He explained that he understood that fans "want to see the music continue" but that it wouldn't be possible. However, he did tease that perhaps a one-time tribute show would be possible "down the line."
"It's done," he said. "You can't have that without him. I don't have a dad anymore and I'm coming to terms with that so I think the fans can try and come to terms with and figure out how to deal with the fact that we're not going to have Van Halen anymore."
"The music is going to live on forever," he added. "But you can't continue without Eddie Van Halen."
Wolf also said that he'll one day go through the "s— ton of tapes" his dad left behind that "will take a very, very long time to get through."
"As disappointing as it may be to some to hear, that's not the priority right now," he said. "I can't put a timeline on it but not in the immediate future would we be going through it."
"My dad would be pissed off at me... 'What are you doing? Don't go through my old s—, go do your new s—,'" he added. "Mark my words, there will be a time that we go through it, it's just not right now."
Wolf assured that "there's amazing s— in there" but that he's not ready to go through it just yet.
Earlier in the interview, Wolf opened up about his grief, saying that he still felt "awful" about his father's death.

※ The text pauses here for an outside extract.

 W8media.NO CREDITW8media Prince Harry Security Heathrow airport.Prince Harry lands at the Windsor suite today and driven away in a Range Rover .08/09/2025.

"Some days are better than others but the pain is still there always," he said. "You just figure out how to carry it a bit better as time goes on but it's always going to hurt."
"The gift and the curse of it was that we had such a close connection," he added about their relationship. "And now for the rest of my life, there's no way I'll never be able to not think about him no matter what I do — which is good, but it hurts a lot."